=== SOURCE MATERIAL ===

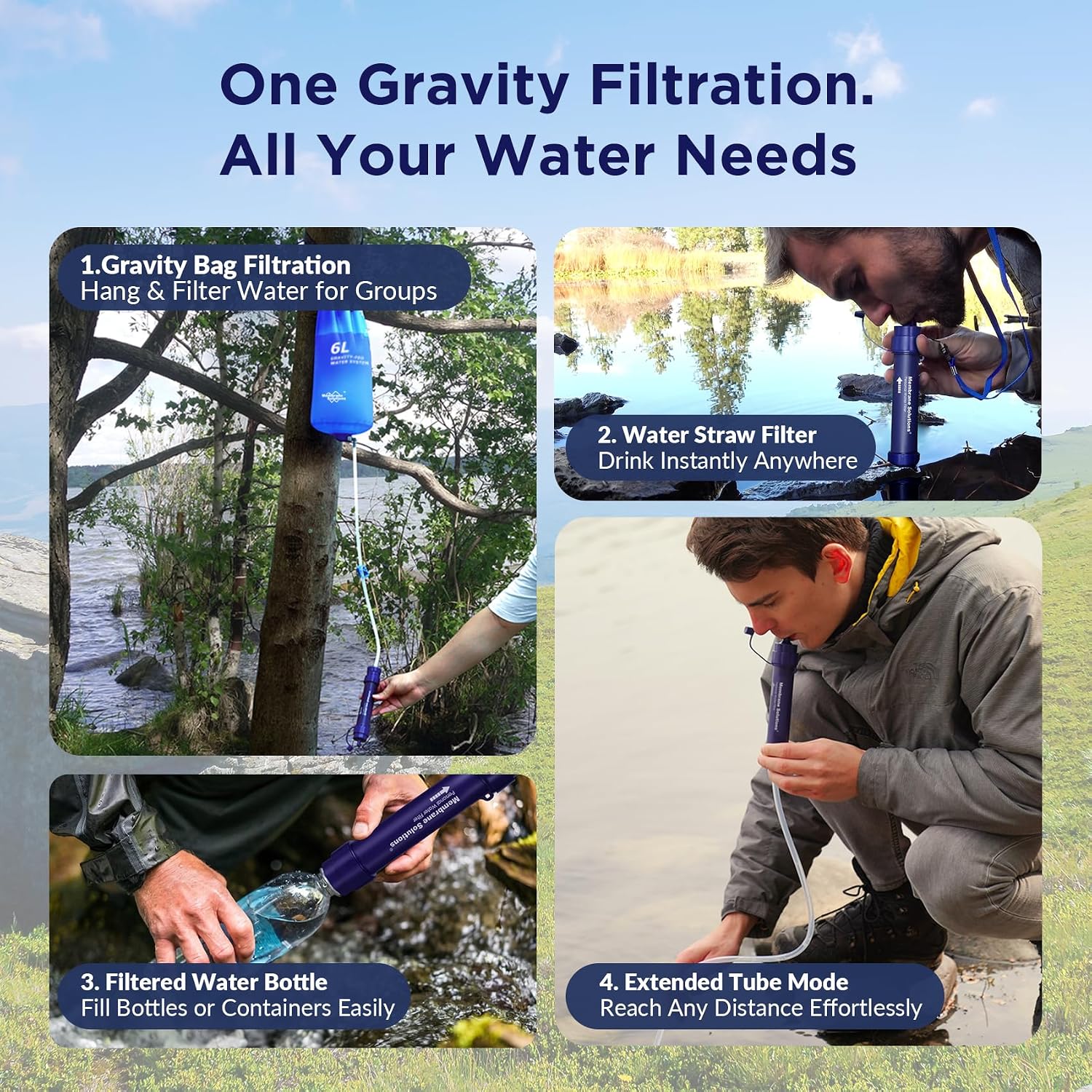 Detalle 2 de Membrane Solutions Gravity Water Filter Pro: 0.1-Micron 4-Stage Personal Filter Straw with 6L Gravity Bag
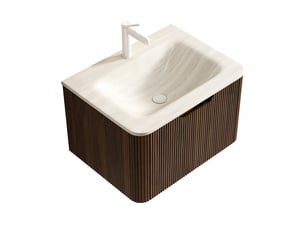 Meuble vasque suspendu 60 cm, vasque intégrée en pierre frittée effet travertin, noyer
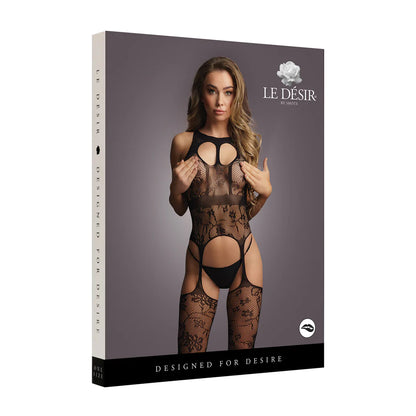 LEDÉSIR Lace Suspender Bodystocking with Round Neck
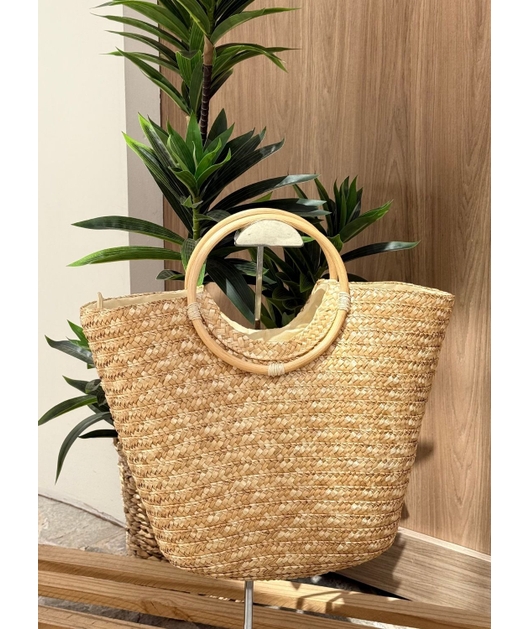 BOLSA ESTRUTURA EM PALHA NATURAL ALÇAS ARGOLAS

===

*DESCRIPTION OF THE TASK*: Print the material above word for word, first line through the line with "LEDÉSIR Lace Suspender", and leave every picture out.

*RESPONSE*:
 Detalle 2 de Membrane Solutions Gravity Water Filter Pro: 0.1-Micron 4-Stage Personal Filter Straw with 6L Gravity Bag
 Meuble vasque suspendu 60 cm, vasque intégrée en pierre frittée effet travertin, noyer
 LEDÉSIR Lace Suspender Bodystocking with Round Neck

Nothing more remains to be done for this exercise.